In a little, after the change had come to you, a change definite and enduring, which left your inner processes forever different from what they had been, you turned sharp to the west and rode five miles along the knife-edge Ridge Trail to where Rattlesnake Canon led you down and back to your accustomed environment.
To the left as you rode you saw, far on the horizon, rising to the height of your eye, the mountains of the channel islands. Then the deep sapphire of the Pacific, fringed with the soft, unchanging white of the surf and the yellow of the shore. Then the town like a little map, and the lush greens of the wide meadows, the fruit-groves, the lesser ranges-- all vivid, fertile, brilliant, and pulsating with vitality. You filled your senses with it, steeped them in the beauty of it. And at once, by a mere turn of the eyes, from the almost crude insistence of the bright primary color of life, you faced the tenuous azures of distance, the delicate mauves and amethysts, the lilacs and saffrons of the arid country.

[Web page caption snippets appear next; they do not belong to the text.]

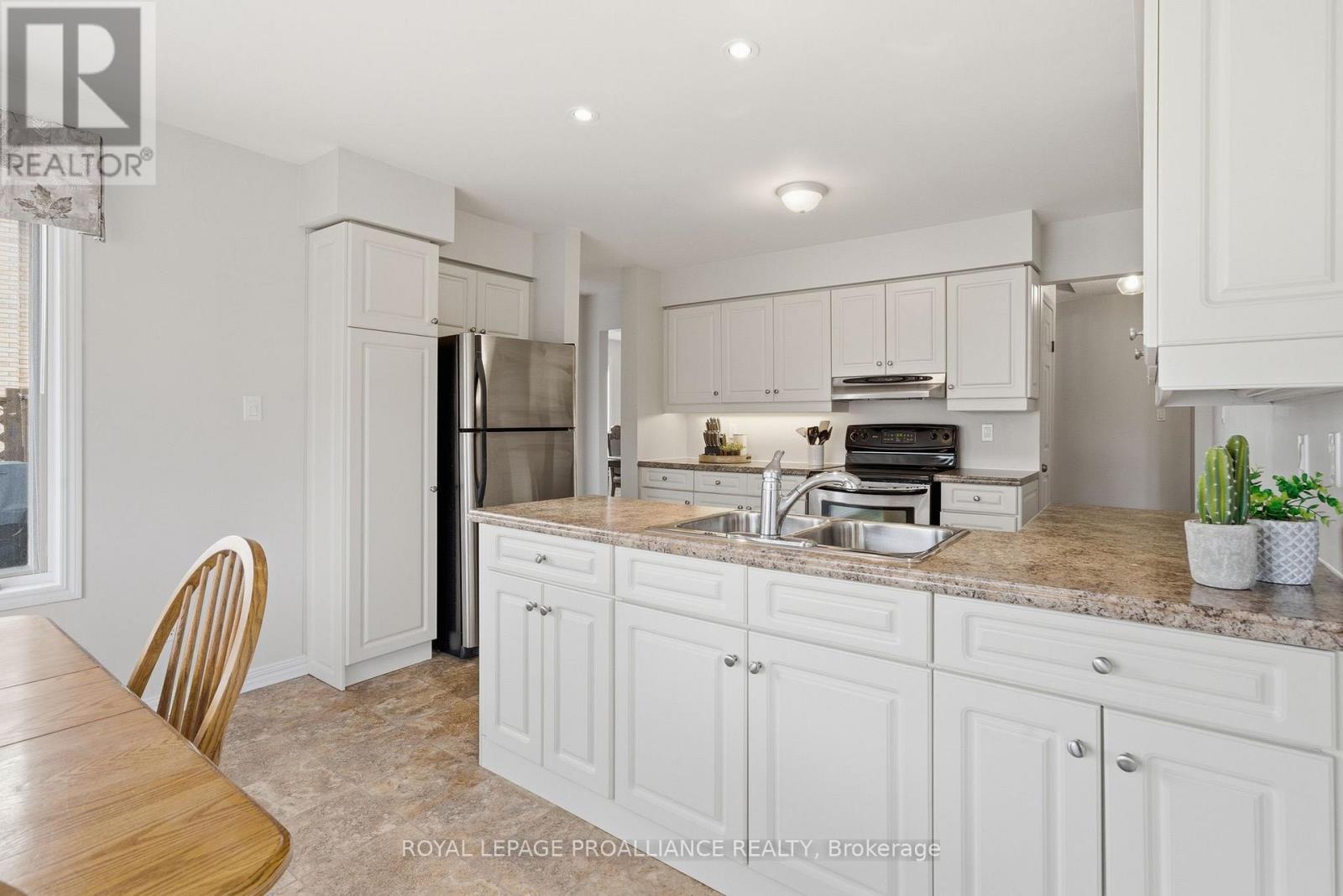 6 Thompson Court, Belleville, Ontario  K8P 5C3 - Photo 20 - X12984886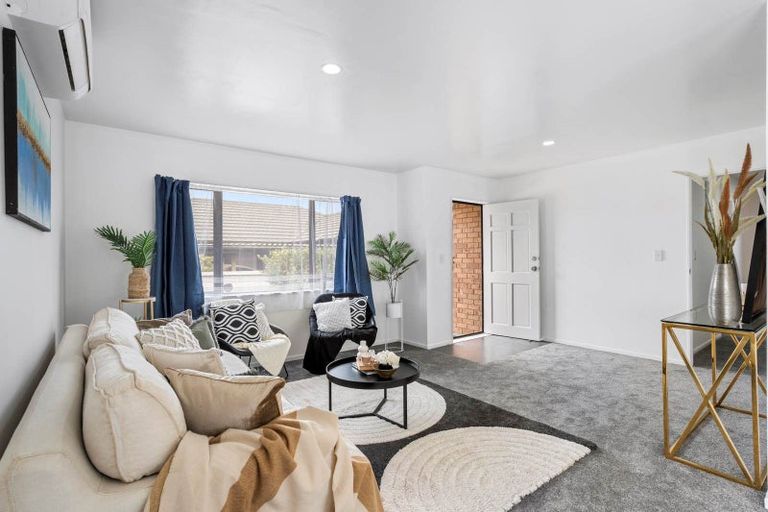 Photo of property in 80 Robert Skelton Place, Clendon Park, Auckland, 2103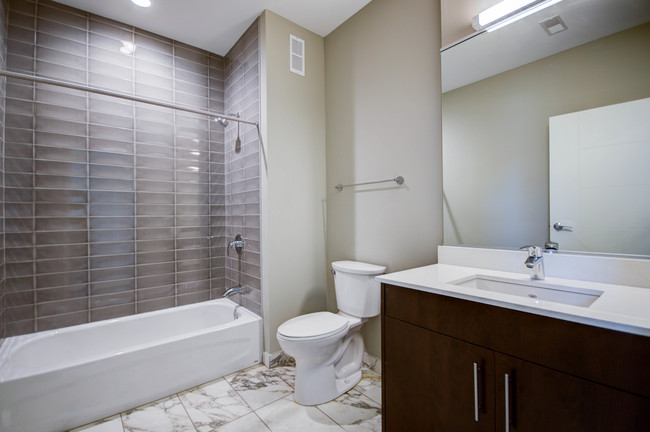 Floorplan - 851 West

This was the wonder we never tired of seeing for ourselves, of showing to others. And often, academically, perhaps a little wistfully, as one talks of something to be dreamed of but never enjoyed, we spoke of how fine it would be to ride down into that land of mystery and enchantment, to penetrate one after another the canons dimly outlined in the shadows cast by the westering sun, to cross the mountains lying outspread in easy grasp of the eye, to gain the distant blue Ridge, and see with our own eyes what lay beyond.

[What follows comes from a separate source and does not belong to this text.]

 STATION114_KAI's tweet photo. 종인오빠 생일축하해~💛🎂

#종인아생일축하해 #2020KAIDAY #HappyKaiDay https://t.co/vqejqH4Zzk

For to its other attractions the prospect added that of impossibility, of unattainableness. These rides of ours were day rides. We had to get home by nightfall. Our horses had to be fed, ourselves to be housed. We had not time to continue on down the other side whither the trail led. At the very and literal brink of achievement we were forced to turn back.

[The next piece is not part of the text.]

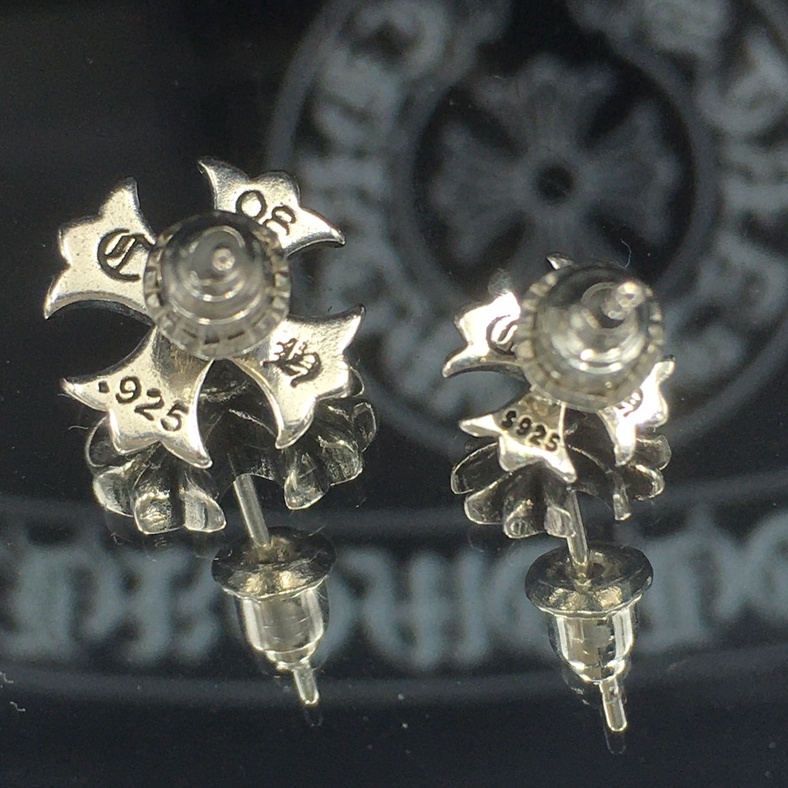Khuyên tai Chrome Heart bạc thái S925, Bông tai nam nữ Họa tiết hoa văn Cross Cổ điển Mã BT3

Gradually the idea possessed us. We promised ourselves that some day we would explore. In our after-dinner smokes we spoke of it. Occasionally, from some hunter or forest-ranger, we gained little items of information, we learned the fascination of musical names--Mono Canon, Patrera Don Victor, Lloma Paloma, Patrera Madulce, Cuyamas, became familiar to us as syllables. We desired mightily to body them forth to ourselves as facts. The extent of our mental vision expanded. We heard of other mountains far beyond these farthest--mountains whose almost unexplored vastnesses contained great forests, mighty valleys, strong water-courses, beautiful hanging-meadows, deep canons of granite, eternal snows,--mountains so extended, so wonderful, that their secrets offered whole summers of solitary exploration. We came to feel their marvel, we came to respect the inferno of the Desert that hemmed them in. Shortly we graduated from the indefiniteness of railroad maps to the intricacies of geological survey charts. The fever was on us. We must go.
A dozen of us desired. Three of us went; and of the manner of our going, and what you must know who would do likewise, I shall try here to tell.